La sentenza, si tratta di circa 160 pagine scritte a quattro mani dal presidente della corte d’appello Carmelo Blatti e dalla collega Silvana Cannizzaro, tratteggia sostanzialmente un quadro ben preciso del gruppo mafioso di Giostra con al vertice Tibia riscontrato già in primo grado, e conferma quasi integralmente l’impostazione dell’accusa. Ci sono solo alcuni aggiustamenti legati a considerazioni su alcune aggravanti o sulla sussistenza di alcune specificità rispetto ai comportamenti degli imputati. Ecco quindi qualche spunto rispetto anche alle considerazioni difensive.
Per giudici d’appello, ad esempio, «... le censure concernenti la pretesa la violazione dell'art. 521 c.p.p. per difetto di correlazione tra l'imputazione e la sentenza, o la genericità della imputazione, sono infondate. Agli imputati è stato contestato di avere fatto parte, con i ruoli meglio precisati nello stesso capo di imputazione, a decorrere dal 2011, di una associazione di tipo mafioso, armata, nota come clan Giostra, promossa, organizzata e diretta da Luigi Tibia.
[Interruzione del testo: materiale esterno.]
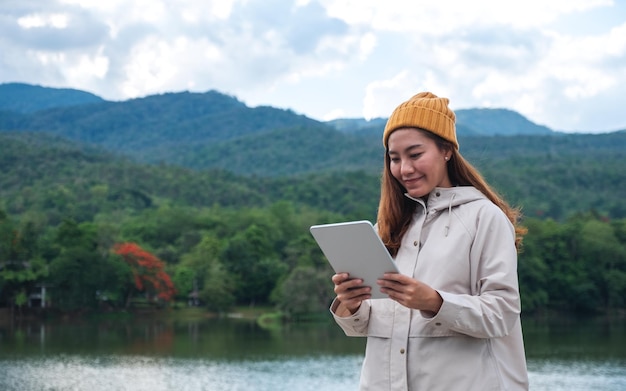 Uma jovem segurando e usando tablet digital enquanto viaja montanhas e lago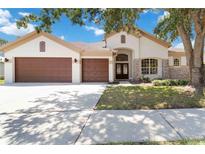 Charming single-story home with a well-manicured lawn and a three-car garage, set under a beautiful blue sky at 5240 Silver Charm Ter, Wesley Chapel, FL 33544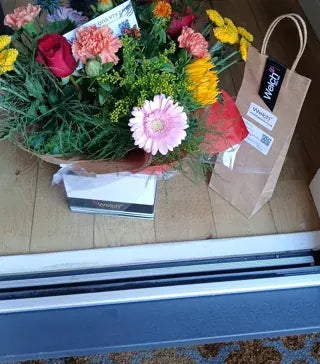 Mixed colourful flowers with a Welch gift bag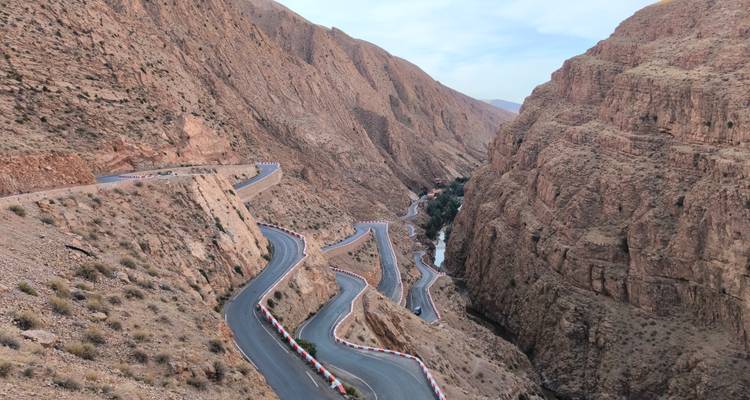 Une route sinueuse à travers un paysage de gorges rocheuses avec une rivière en contrebas.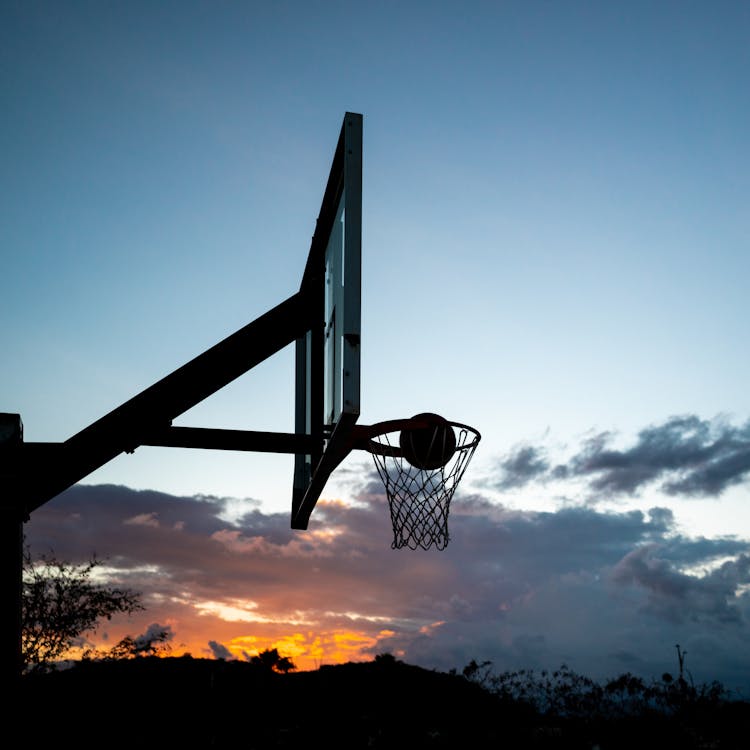 Ball Falling into the Basket in the Last Rays of the Setting Sun · Free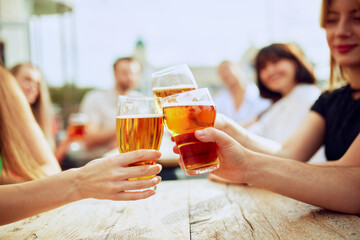 Friends raise their glasses in joyful toast, enjoying sunny day outdoors. Golden drinks glisten in light, capturing spirit of celebration. Concept of Friday mood, celebration, Oktoberfest.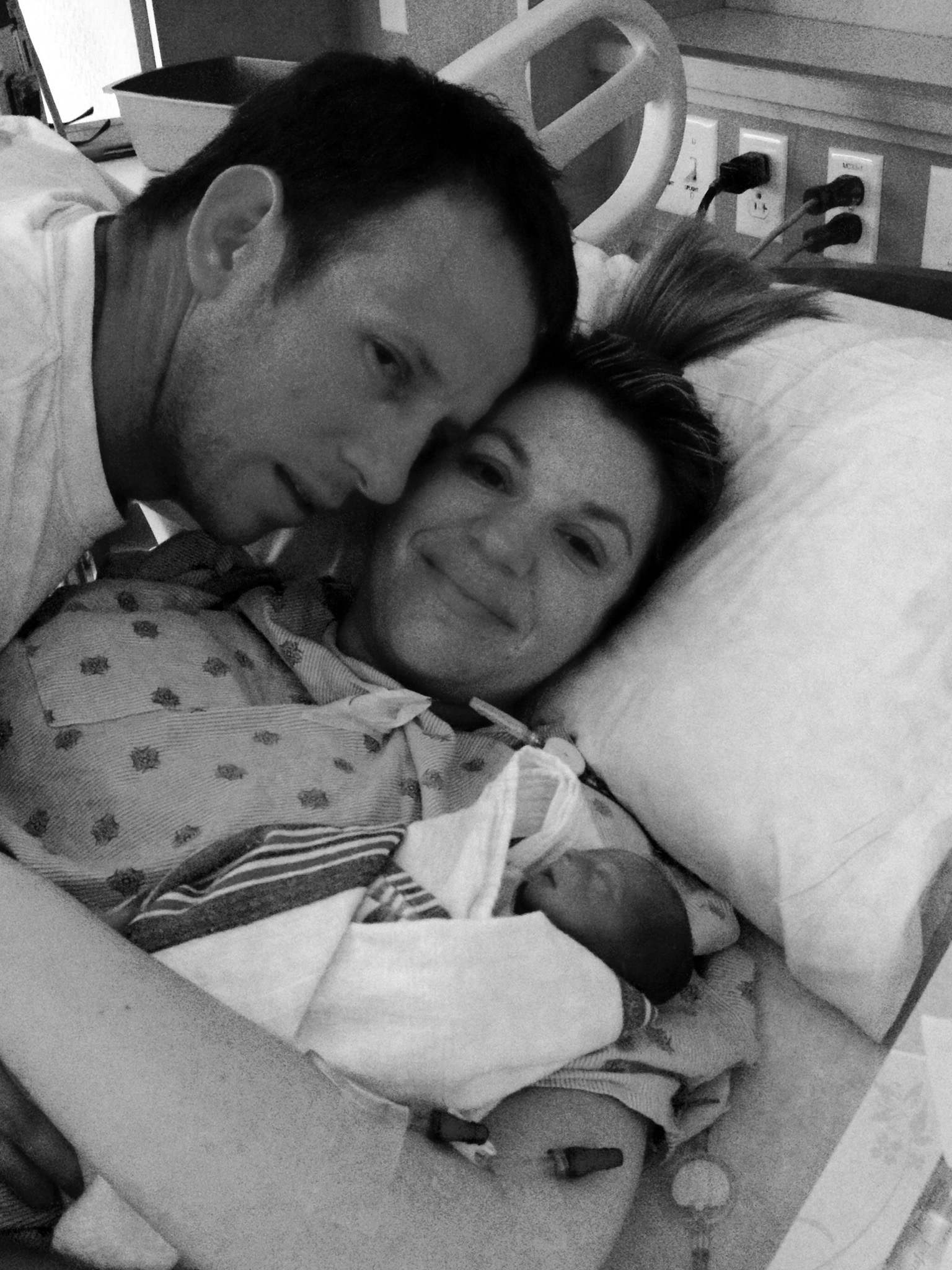 Stacey in a hospital bed with her husband and baby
Diversamente da quanto asserito da qualche difensore, al Tibia non è stato contestato di essere reggente del sodalizio mafioso facente capo a Luigi Galli, prima, e a Giuseppe Gatto, dopo, ma il ruolo di capo, promotore e organizzatore del sodalizio criminoso. Si tratta, evidentemente - proseguono i giudici -, di un organismo di nuova formazione, a prescindere dal fatto che si sia posto in prosecuzione, o meno, con l’associazione, avente lo stesso nome ed il medesimo territorio di azione, già accertata con sentenze passate in giudicato. Correttamente, dunque, il Tribunale ha ritenuto che le risultanze probatorie del presente procedimento avessero consentito di accertare la sussistenza di una associazione facente capo a Luigi Tibia, con una organizzazione ben strutturata con attribuzione di ruoli e l’imposizione di regole rigide di comportamento, come osservato, ad esempio, nella vicenda riguardante Russo Giacomo, ferocemente picchiato da Tibia Luigi e De Leo Luciano, in quanto ritenuto responsabile di furti perpetrati all'interno del Lido Park, in quanto luogo gestito dai sodali e sottoposto alla loro protezione... . Palese, inoltre, risulta la sussistenza del c.d. metodo mafioso nella vicenda riguardante il violento pestaggio e il sequestro commessi ai danni di Russo Giacomo, non potendosi dubitare del fatto che, anche in tale occasione, la condotta sia stata posta in essere con modalità evocanti la forza intimidatrice e di soggezione tipica dell'agire mafioso. È chiaro, inoltre, come con tale condotta Tibia Luigi avesse inteso affermare il suo ruolo di capo clan, punendo chi aveva posto in essere condotte non compatibili con il codice che regolava la vita associativa, e la cui violazione imponeva l'applicazione di punizioni esemplari».